CER-ETH Research Seminar, Spring Term 2012

The CER-ETH Research Seminar takes place on Mondays during term time from 5:15 pm to 6:45 pm at ETH Zurich, Room ZUE G1 (Zürichbergstr. 18). Per term we invite 6 to 7 internationally known speakers to present and discuss their work.

Programme

Everyone who is interested is cordially invited!

If you would like to receive our weekly invitation via e-mail, or if you have any other question, please contact Jean-Philippe Nicolai

Speakers

Alexander Muermann

Insurance contracts are often complex and difficult to verify outside the insurance relation. We show that standard one-period insurance policies with an upper limit and a deductible are the optimal incentive-compatible contracts in a competitive market with repeated interaction. Optimal group insurance policies involve a joint upper limit but individual deductibles and insurance brokers can play a role implementing such contracts for the group of clients. Our model provides new insights and predictions about the determinants of insurance.

DownloadFull Paper (PDF, 207 KB)

Pascal St-Amour

Despite evidence of correlations between financial and medical statuses and decisions, most models treat financial and health-related choices separately. This paper bridges this gap by proposing a tractable dynamic framework for the joint determination of optimal consumption, portfolio holdings, medical expenditures and health insurance. We solve for the optimal rules in closed form and capitalize on this tractability to gain a better understanding of the conditions under which separation between financial and health-related decisions is sensible, and of the pathways through which wealth and health determine allocations, welfare and other variables of interest such as expected longevity or the value of health. Furthermore we show that the model is consistent with the observed patterns of individual allocations and provide realistic estimate of the parameters that confirm the relevance of all the main characteristics of the model.

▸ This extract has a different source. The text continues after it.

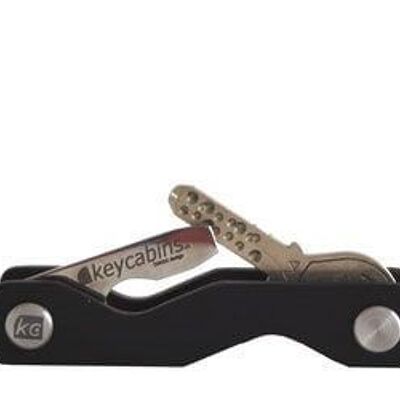 Keycabin aus Holz Modell S – Rosenholz dunkel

DownloadFull Paper (PDF, 634 KB)

Wanda Mimra

Can profit-making contract menus exist in competitive insurance markets under adverse selection when the single-crossing property does not hold? We show that the answer to this question is related to the equilibrium non-existence problem in the standard Rothschild-Stiglitz framework where single-crossing holds: In a framework where cross-subsidizing contracts can be sustained in equilibrium, then profit-making contract menus cannot exist. If however equilibrium contracts in the standard framework are always individually non-loss-making, then profit-making contract menus can occur when single-crossing does not hold.

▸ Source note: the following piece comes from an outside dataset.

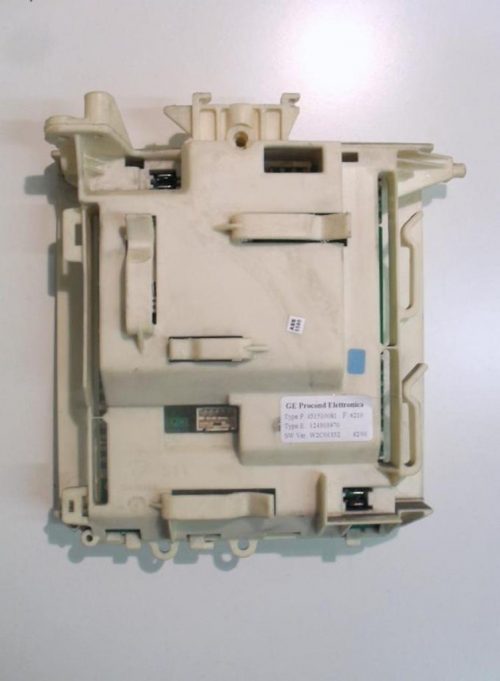 Scheda main lavatrice Rex RJ12X cod 451510081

DownloadFull Paper (PDF, 161 KB)

Yolande Hiriart

We analyze the regulation of firms that undertake socially risky activities but can reduce the probability of an accident inflicted on third-parties by carrying out nonverifiable effort. Congress delegates regulation to an Agency, though these two bodies may have different preferences towards the industry. The optimal level of discretion left to the Agency results from the following trade-off: the Agency can tailor discretionary policies to its expert knowledge about potential harm, but it implements policies which are too “pro-industry”. The Agency should be given full discretion when the firm is solvent; partial discretion is preferred otherwise. We then investigate how this trade-off changes as the political and economic landscapes are modified.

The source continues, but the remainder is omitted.